Une équipe de chercheurs de l’Université d’Harvard a classifié les exoplanètes selon leur rayon. Plus d’un tiers d’entre elles seraient recouvertes à moitié d’eau.

Li Zeng, astronome à Harvard et son équipe ont publié en août une étude dans le Monthly Notices of the Royal Astronomical Society. Ils y proposent une nouvelle classification des 3 838 exoplanètes découvertes à ce jour, grâce notamment à Kepler, en fonction de leur taille. Une classification qui permet de faire le lien entre la masse d’une planète, son rayon, sa formation et sa composition.

LE RAYON COMME PIÈCE D’IDENTITÉ
Li Zeng et son équipe se sont appuyés sur les analyses du satellite GAIA de l’Agence Spatiale Européenne pour appuyer un nouveau système de classement, basé sur la constante RT (Rayon Terrestre). Ce qui fait « la beauté de ce modèle » selon Li Zeng, c’est qu’il explique la relation entre la masse, le rayon et la composition des exoplanètes. Selon ce système, les planètes dont le rayon fait moins de 2 RT sont vérifiées comme étant rocheuses et pauvres en eau. Entre 2 et 4 RT, on retrouve la catégorie des planètes-océans, riches en eau.

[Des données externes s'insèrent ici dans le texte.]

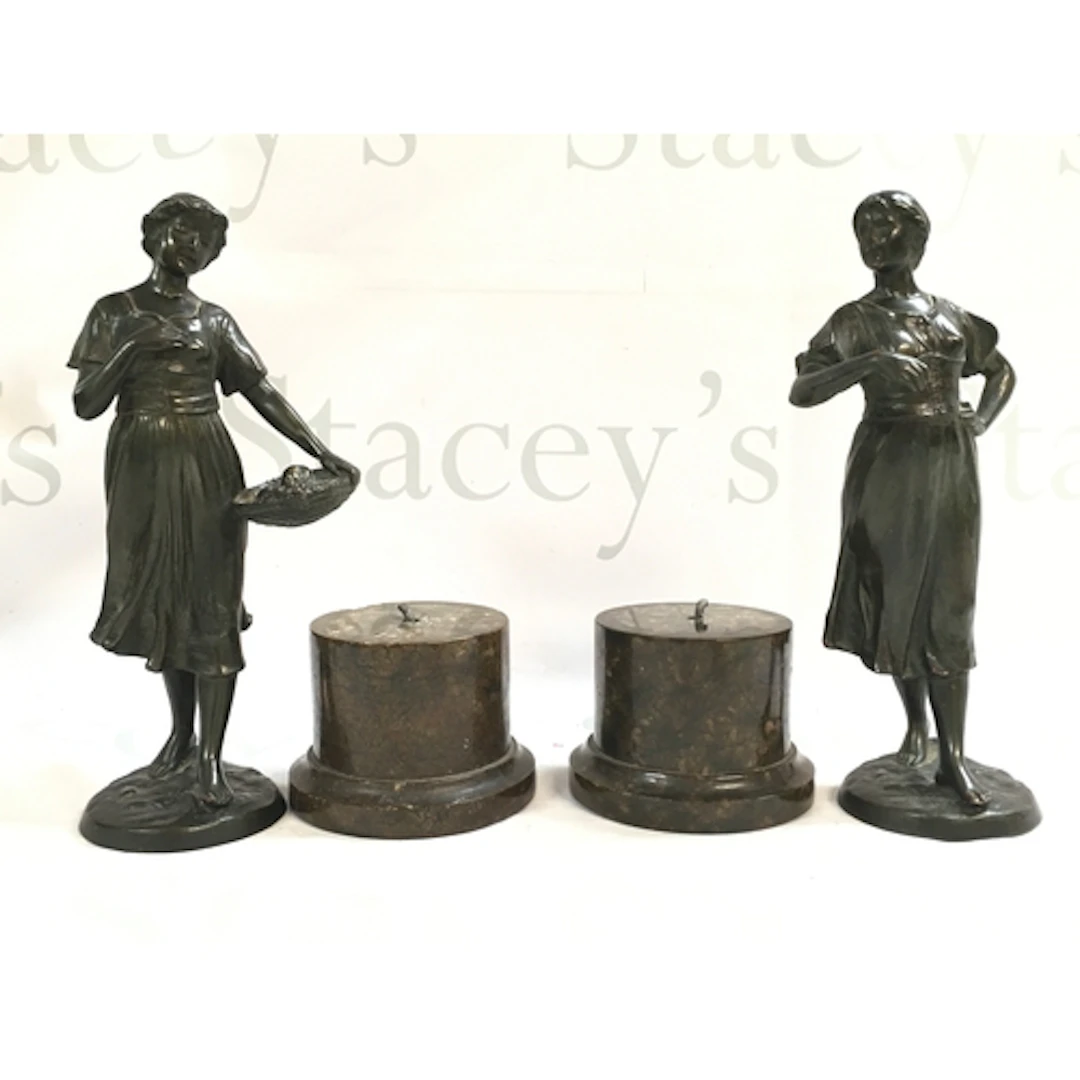 A pair of Edwardian circa 1910-20 bronze figures of two girl...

Entre 4 et 10 RT, les planètes sont riches en gaz et au-delà de 10 RT, elles sont considérées comme des géantes gazeuses, majoritairement composée d’hydrogène et d’hélium.

Li Zeng conclut en affirmant que les dimensions des planètes contraignent leur formation et leur structure interne. Ce postulat lui a permis d’expliquer la formation des planètes-océans.

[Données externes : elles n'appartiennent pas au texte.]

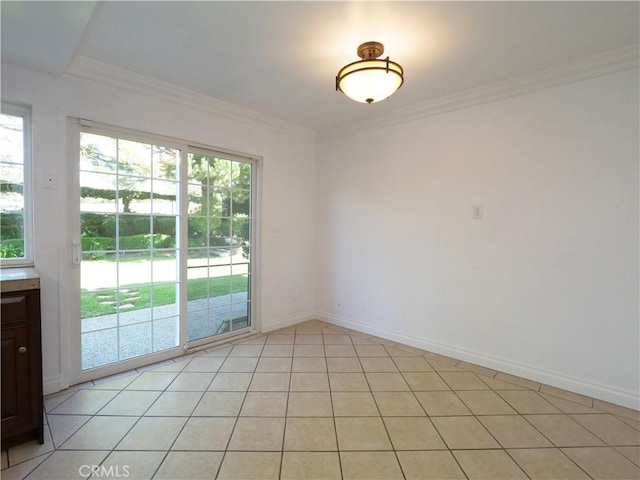 empty room with baseboards, ornamental molding, light tile patterned floors, and a healthy amount of sunlight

DE NOMBREUSES SUPER-TERRES RECOUVERTES D’EAU
« Réaliser que les planètes-océans sont si nombreuses était une immense surprise » confie Li Zeng. En effet, plus d’un tiers des exoplanètes recensées seraient recouvertes pour moitié d’eau. À titre de comparaison, les océans de la Terre recouvrent 70,8 % de sa surface. Le chercheur apporte une réponse quant à leur formation : « Les planètes-océans se sont certainement formées d’une manière similaire aux géantes gazeuses que l’on trouve dans notre système solaire. […] Échouant à devenir des géantes gazeuses », elles auraient évolué différemment pour devenir des planètes riches en eau. Ces planètes se situent à la limite supérieure d’une catégorie d’exoplanètes appelées super-terres, avec une masse environ 10 fois plus importante que celle de la Terre.

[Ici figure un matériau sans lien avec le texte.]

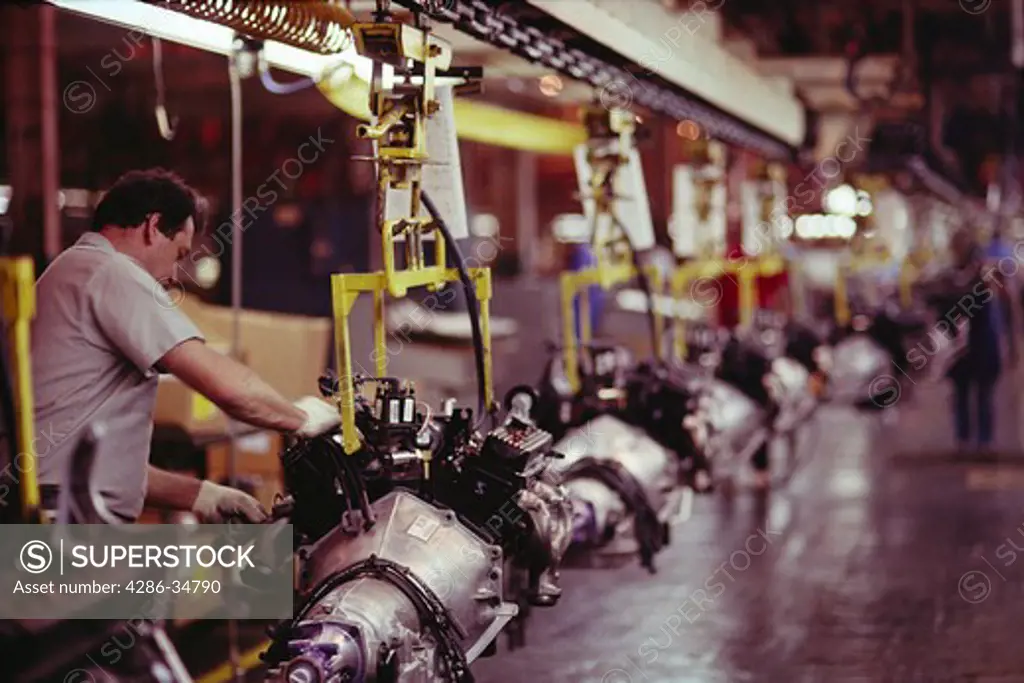 Workers assemble engines at General Motors plant in Baltimore, Maryland.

Li Zeng avait récemment publié une seconde étude, mettant également en relation le rayon des planètes et le type d’étoile autour de laquelle elles orbitent. Le mystère sur la formation demeure mais cette découverte est une belle avancée en matière de recherche de planètes similaires à la nôtre et de vie extraterrestre.